Follower of Christ, fear not.  This faith is not just something we speculate about or look to in order to hold a theory about life and death and everything in between.  This faith looks like something.  From what have you been freed?  How are you being enabled to see in a whole new way?  How have you been lifted up when bowed down under a crushing weight?  How are you coming to hear in a whole new way?  How have you been enabled to leap and given a new song to sing?


Even when doubts arise.  Even when things have not gone the way we wanted to or expected them to.  Promises appear before us like lush growth around a beaver dam surrounded by devastation, so that we can not only talk about joy this day but sing and shout it and live it out.  “Tell John what’s going on,” said Jesus.  May we never let questions or concerns about what’s going to happen or how it will happen blind us to what God is doing among us.  “The blind receive their sight, the lame walk, the lepers are cleansed, the deaf hear, the dead are raised, and the poor have good news brought to them.” 
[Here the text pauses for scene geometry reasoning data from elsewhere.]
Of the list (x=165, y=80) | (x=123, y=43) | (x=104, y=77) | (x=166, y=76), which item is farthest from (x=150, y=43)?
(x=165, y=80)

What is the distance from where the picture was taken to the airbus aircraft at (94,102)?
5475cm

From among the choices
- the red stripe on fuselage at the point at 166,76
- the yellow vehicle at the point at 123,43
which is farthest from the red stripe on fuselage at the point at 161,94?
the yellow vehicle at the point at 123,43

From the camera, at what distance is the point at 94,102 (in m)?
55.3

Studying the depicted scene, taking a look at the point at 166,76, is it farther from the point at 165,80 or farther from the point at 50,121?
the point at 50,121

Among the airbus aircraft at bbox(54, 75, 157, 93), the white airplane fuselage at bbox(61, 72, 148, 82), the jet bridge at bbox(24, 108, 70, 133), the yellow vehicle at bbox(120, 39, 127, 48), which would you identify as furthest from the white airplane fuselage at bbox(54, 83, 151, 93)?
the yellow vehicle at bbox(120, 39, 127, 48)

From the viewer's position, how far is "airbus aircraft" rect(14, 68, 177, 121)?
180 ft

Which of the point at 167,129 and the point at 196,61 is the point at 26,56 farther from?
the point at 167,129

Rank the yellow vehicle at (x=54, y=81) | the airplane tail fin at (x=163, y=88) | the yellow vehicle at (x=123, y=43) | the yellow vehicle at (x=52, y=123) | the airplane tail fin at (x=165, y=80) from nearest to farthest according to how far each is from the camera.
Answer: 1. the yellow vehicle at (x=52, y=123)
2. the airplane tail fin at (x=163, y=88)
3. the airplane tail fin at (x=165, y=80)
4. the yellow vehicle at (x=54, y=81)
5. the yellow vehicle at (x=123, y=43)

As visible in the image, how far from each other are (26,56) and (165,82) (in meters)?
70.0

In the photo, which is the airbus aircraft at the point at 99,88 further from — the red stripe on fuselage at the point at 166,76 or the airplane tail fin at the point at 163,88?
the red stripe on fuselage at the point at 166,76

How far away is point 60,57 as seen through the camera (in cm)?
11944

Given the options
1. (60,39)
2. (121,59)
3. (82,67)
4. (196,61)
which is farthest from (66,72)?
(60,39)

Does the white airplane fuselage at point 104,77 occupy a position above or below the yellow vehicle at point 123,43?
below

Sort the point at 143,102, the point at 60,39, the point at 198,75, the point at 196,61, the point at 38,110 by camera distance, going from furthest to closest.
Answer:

Promises that will know completion one day; promises that we know in part now, no matter what is going on.  God is with us no matter what our circumstances.  Joy even in the middle of sorrow.  Christmas is not unmitigated joy for all.  Blue Christmas is real.  Joy is God with us in the middle of loss, in the midst of uncertainty, where we see good news being proclaimed and held onto. 


I think I’ll leave baby Jesus in my desk this year as a reminder of the joy to be found in “God with us.”  Someone has described “God with us” like this -   “See, he’s here! He’s been here all along. Right alongside, through the joys and the heartaches, through the struggles and the accomplishments.” Right there, maybe out of sight for a time, but close by. Within reach. Even in the desert. Even in a place of exile. Of uncertainty. Right there, all the time. Emmanuel.


God with us.  Our hope.  Our peace.  Our joy.  Thanks be to God for His indescribable gift.